地味同盟~かぐや姫はイケメン達から逃れたい~
「何でそこで不満そうな顔になるんだよ? ほら、これ食ってまたバカみたいに幸せそうな笑顔で飯食えよ」

 なんて失礼な言い方をするんだと思って隣の久保くんを見る。

 彼はいつの間にかあたしのプリンを手に持ってスプーンで一口分すくっていたところだった。


「あたしのプリン!」

「ほら、あーん」

 そう言ってスプーンを差し出してくる久保くん。

 食べられるわけじゃないことに安堵しつつも、勝手に取っておいて食べろと強要されることに少し腹が立った。


 それにこの間双子の料理を食べてしまった後に奏から叱られてしまったんだ。

 異性に“あーん”って言われたらそのまま食べちゃダメだって。

 恥じらいを持てとか言われちゃったんだけど……正直恥ずかしがるところなのかはよく分からなかった。

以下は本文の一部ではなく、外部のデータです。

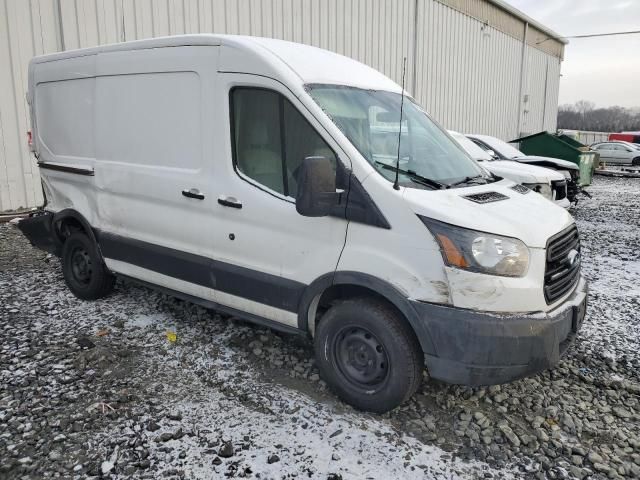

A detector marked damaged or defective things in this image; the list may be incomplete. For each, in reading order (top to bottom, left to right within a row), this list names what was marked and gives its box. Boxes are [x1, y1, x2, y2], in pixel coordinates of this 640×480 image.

damaged vehicle [450, 129, 568, 208]
damaged vehicle [464, 133, 580, 204]
damaged vehicle [18, 35, 584, 414]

 まあでも、奏がダメだって言うってことは良くないんだろう。


 そう思ったから、目の前に出された生クリームのついたプリンを口に入れるのを我慢していたんだけど……。


「何? 食わねぇの? 仕方ねぇな……」

 そう言って久保くんはそのスプーンを自分の口に運ぼうとする。


 !! 食べられちゃう!?


 自分のプリンが食べられてしまうと思ったらもう体が動いていた。

 奏の言いつけなんて頭からポーンと飛んで行ってしまう。